Nous constatons que, dans tous les pays membres de l'Organisation de coopération et de développement économiques (OCDE), la poursuite d'études se traduit par un gain net en matière de rémunération. Ce bénéfice salarial est particulièrement accentué en France. Pour un niveau de rémunération de 100 en fin de secondaire, la valeur moyenne dans les pays de l'OCDE est de 146 après la licence et de 198 après un master ou un doctorat. En France, l'indice de rémunération est de 138 pour les titulaires d'une licence et de 205 pour les diplômés de master ou de doctorat. Autrement dit, le diplôme de master en France est beaucoup plus rémunérateur que celui obtenu dans d'autres pays au regard du niveau obtenu à l'issue d'une licence. Cela pourrait justifier un écart de droits plus élevé qu'aujourd'hui entre la licence et le master, étant entendu que même le montant de 965 euros que nous avançons dans l'une des hypothèses du rapport est très loin d'atteindre le coût d'une formation, qui, je le rappelle, est autour de 10 000 euros par an. Ce montant représenterait seulement 9,4 % du coût moyen d'un étudiant en université.

La seconde réponse sur le master se rapporte au raisonnement que la Cour a mené sur les droits d'inscription. Nous estimons que la question des droits ne relève pas d'une problématique exclusivement financière, mais s'inscrit aussi dans la relation entre l'établissement qui assure l'offre de formation et l'étudiant, en tant qu'usager du service public de l'enseignement supérieur. Dans ce cas, loin de tuer le master, nous faisons l'hypothèse que le fait d'apporter des recettes supplémentaires aux universités pourra créer des conditions pour augmenter ce qui fait l'intérêt du diplôme. Pour l'étudiant, une hausse des droits en master, comme dans les autres cycles, ne se justifierait qu'au regard de la mise en place d'actions concrètes fournissant un meilleur service à l'étudiant dans sa scolarité, notamment pour s'insérer dans la vie professionnelle.
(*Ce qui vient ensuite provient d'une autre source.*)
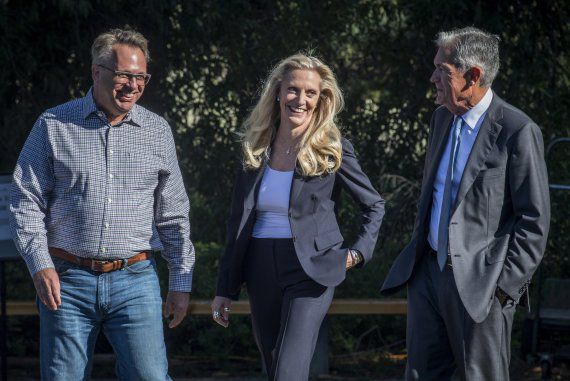 국제유가가 석유수출국기구(OPEC)플러스(+)의 감산 결정에도 불구하고 7일(현지시간) 5% 폭락하며 이틀 연속 급락세를 타고 있다. 유가 급락의 최대 배경으로 지목되는 제롬 파월(오른쪽) 미국 연방준비제도(연준) 의장이 지난달 26일 와이오밍주 잭슨홀에서 열린 연례 하계휴양 컨퍼런스 도중 레이얼 브레이너드(가운데) 부의장, 존 윌리엄스 뉴욕연방은행 총재와 얘기를 나누고 있다. AP연합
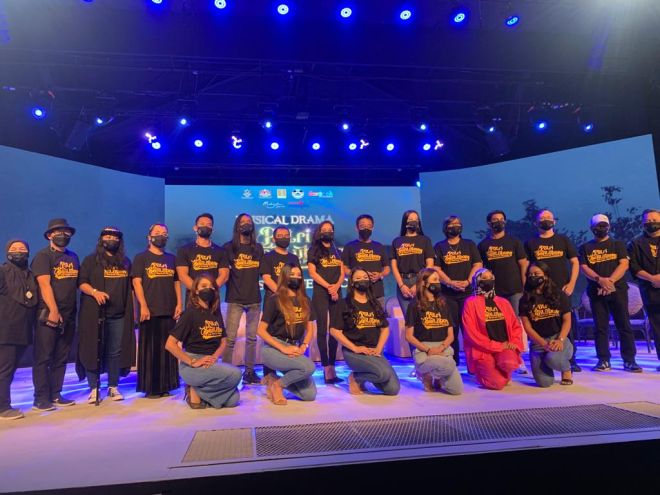 Abdul Karim merakam kenangan bersama barisan pelakon, pengarah dan krew serta tetamu kehormat pada sidang media teater muzikal Puteri Santubong The Warrior Princess di Kampung Budaya Sarawak hari ini.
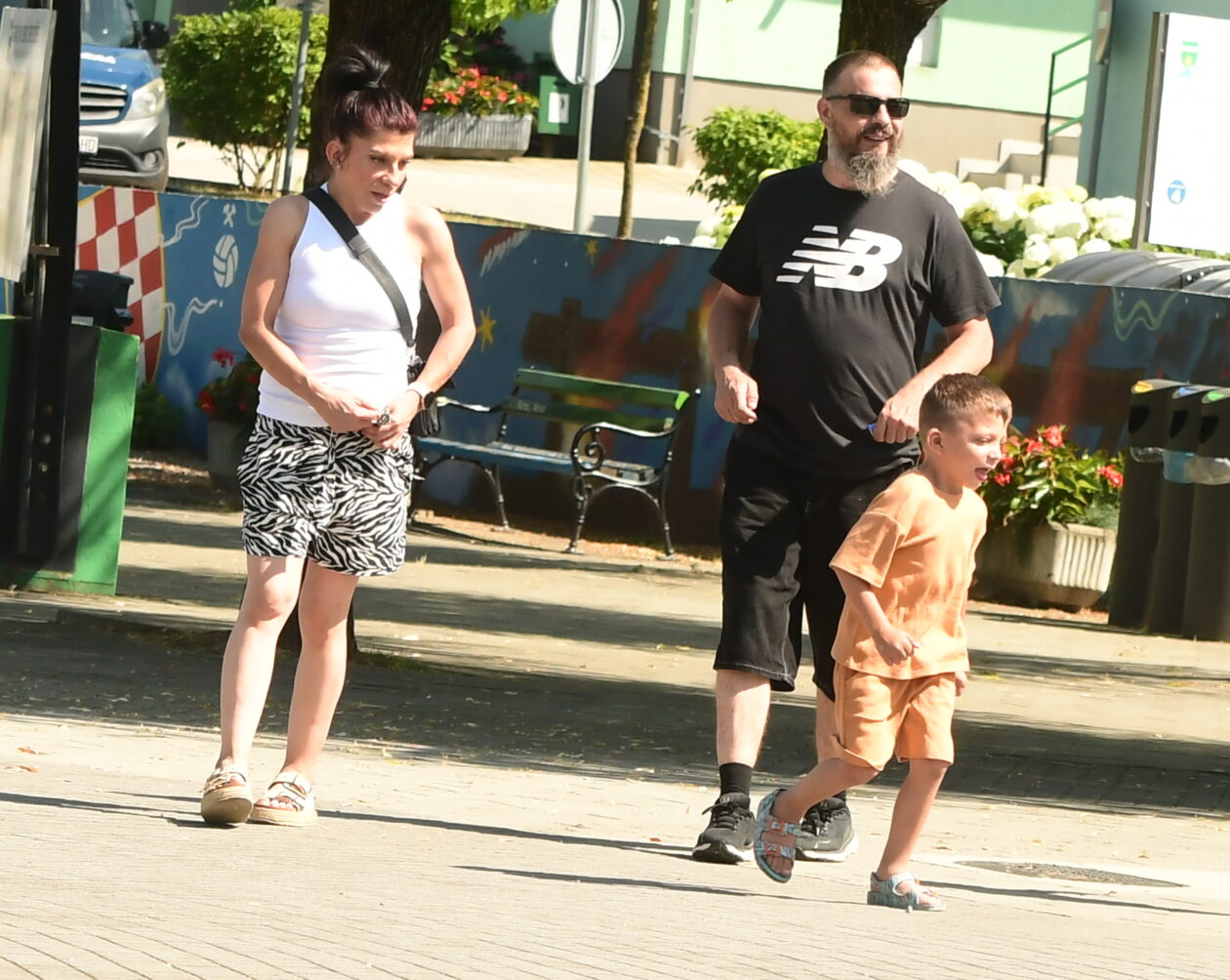 klikom uz muru 22.6.2025 (36) klikom uz muru 22.6.2025 (36)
Nous n'avons pas fait d'étude d'impact de la mesure du Gouvernement concernant les étudiants étrangers après le rapport. Cela ne relève pas de la responsabilité de la Cour. À l'appui du scénario de hausse, nous avons dit qu'il nous apparaissait nécessaire d'accompagner toute hausse d'un certain nombre de précautions et de garanties à apporter aux étudiants. En particulier, nous pensons qu'un certain nombre d'étudiants doivent être exonérés, qu'il s'agisse d'étudiants étrangers, d'où qu'ils viennent, de bacheliers français ou de résidents en France. Il faut être attentif au possible effet d'éviction, tel qu'il a été constaté, par exemple, en Suède. Il faut prendre des mesures pour éviter cet effet d'éviction. Toute hausse doit s'accompagner d'un renforcement du système de bourses du Gouvernement et d'une amélioration du service aux étudiants.
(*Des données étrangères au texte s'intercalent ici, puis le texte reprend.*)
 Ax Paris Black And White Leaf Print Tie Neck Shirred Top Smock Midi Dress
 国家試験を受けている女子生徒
Enfin, quelques pages du rapport précisent le cadre légal et indiquent qu'il doit être clarifié. Les modifications du cadre légal peuvent dépendre de la nature juridique des droits. S'ils sont qualifiés de redevance, le service rendu doit faire l'objet d'une proportionnalité. Un décret en Conseil d'État serait nécessaire pour en fixer le montant, qui devrait être ratifié dans une prochaine loi de finances. S'il s'agit d'une taxe, c'est au Parlement d'en fixer le niveau. En cas de choix de l'autonomie, un plafond et un plancher d'encadrement peuvent être fixés en loi de finances, étant entendu que la CVEC peut être aussi une compensation.